* [WORKING DATA]
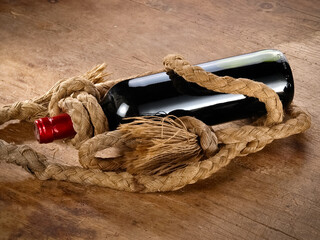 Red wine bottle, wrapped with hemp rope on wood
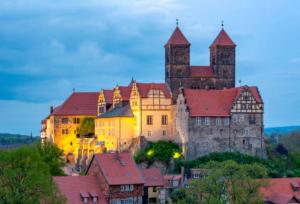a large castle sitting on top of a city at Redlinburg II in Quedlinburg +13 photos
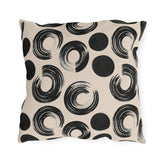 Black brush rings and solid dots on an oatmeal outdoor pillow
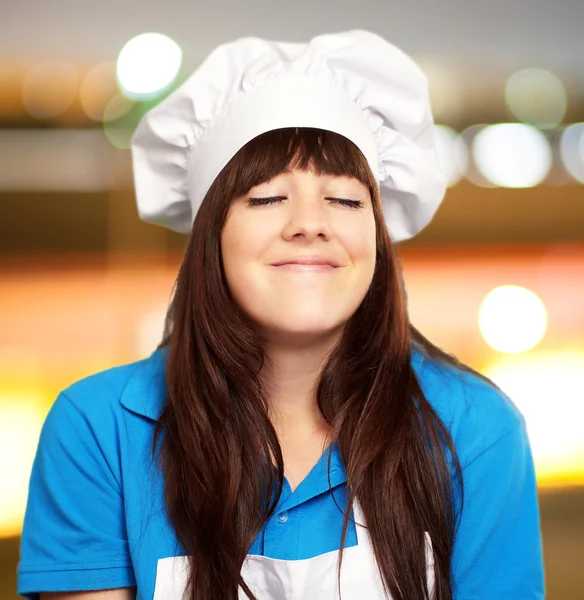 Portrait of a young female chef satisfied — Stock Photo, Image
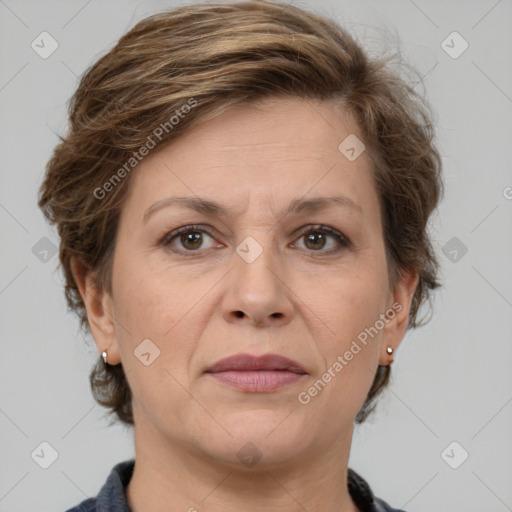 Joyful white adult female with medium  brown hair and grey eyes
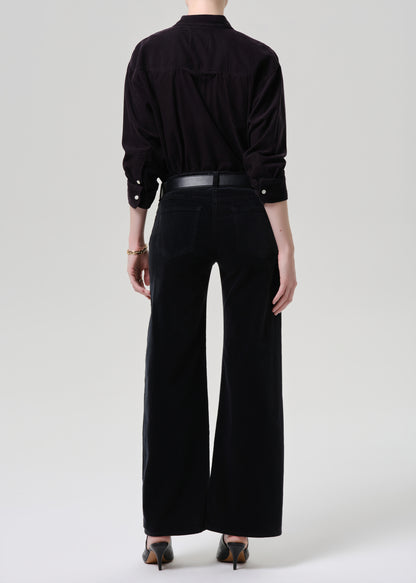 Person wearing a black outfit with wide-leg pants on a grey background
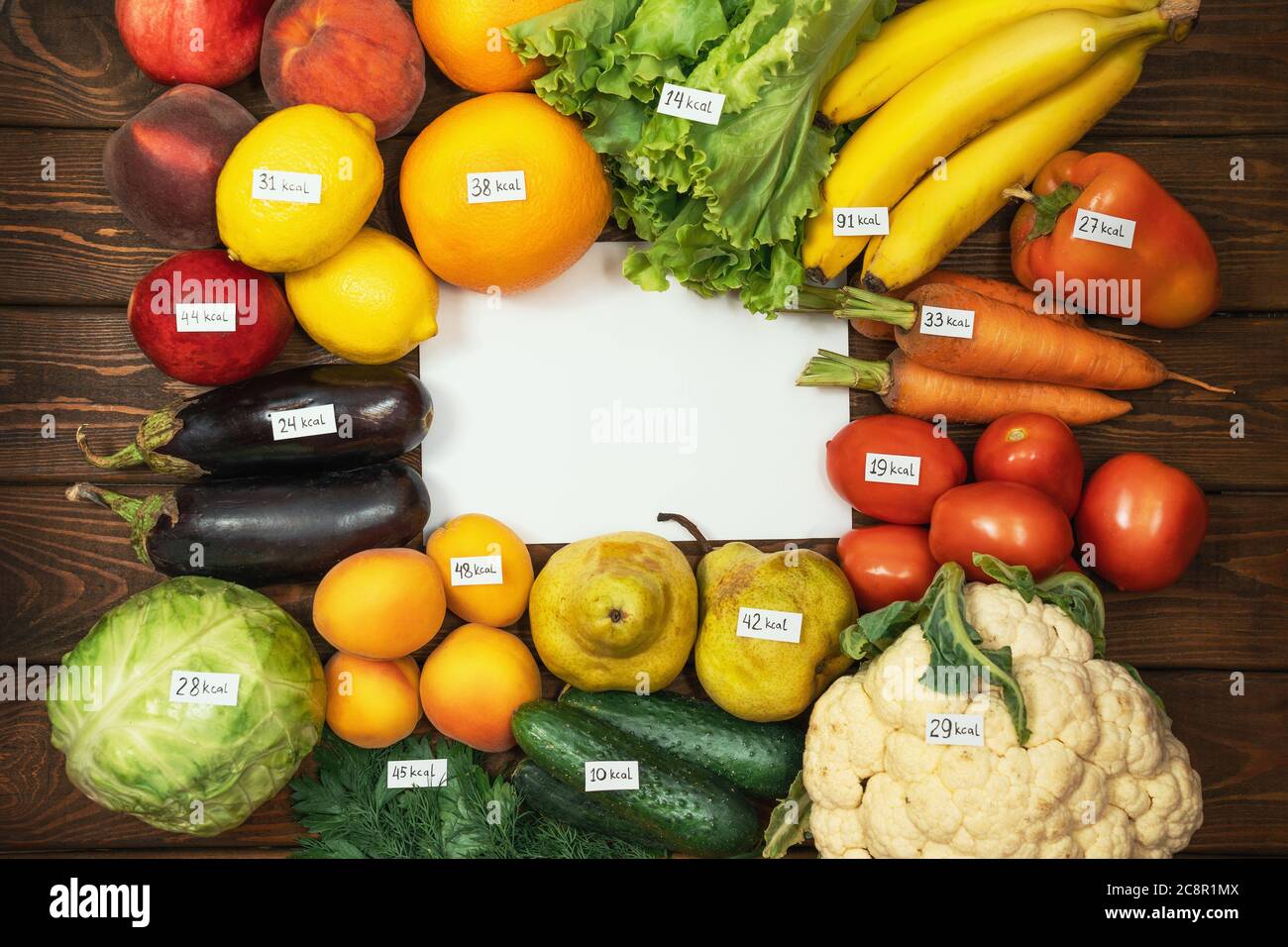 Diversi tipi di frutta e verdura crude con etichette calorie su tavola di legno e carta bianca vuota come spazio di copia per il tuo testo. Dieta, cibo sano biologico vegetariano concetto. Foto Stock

* [TASK DETAILS] Pictures are to be left out when the entries above are repeated exactly.

* [WRITTEN SOLUTION]
 Red wine bottle, wrapped with hemp rope on wood
a large castle sitting on top of a city at Redlinburg II in Quedlinburg +13 photos
 Black brush rings and solid dots on an oatmeal outdoor pillow
 Portrait of a young female chef satisfied — Stock Photo, Image
 Joyful white adult female with medium  brown hair and grey eyes
 Person wearing a black outfit with wide-leg pants on a grey background
 Diversi tipi di frutta e verdura crude con etichette calorie su tavola di legno e carta bianca vuota come spazio di copia per il tuo testo. Dieta, cibo sano biologico vegetariano concetto. Foto Stock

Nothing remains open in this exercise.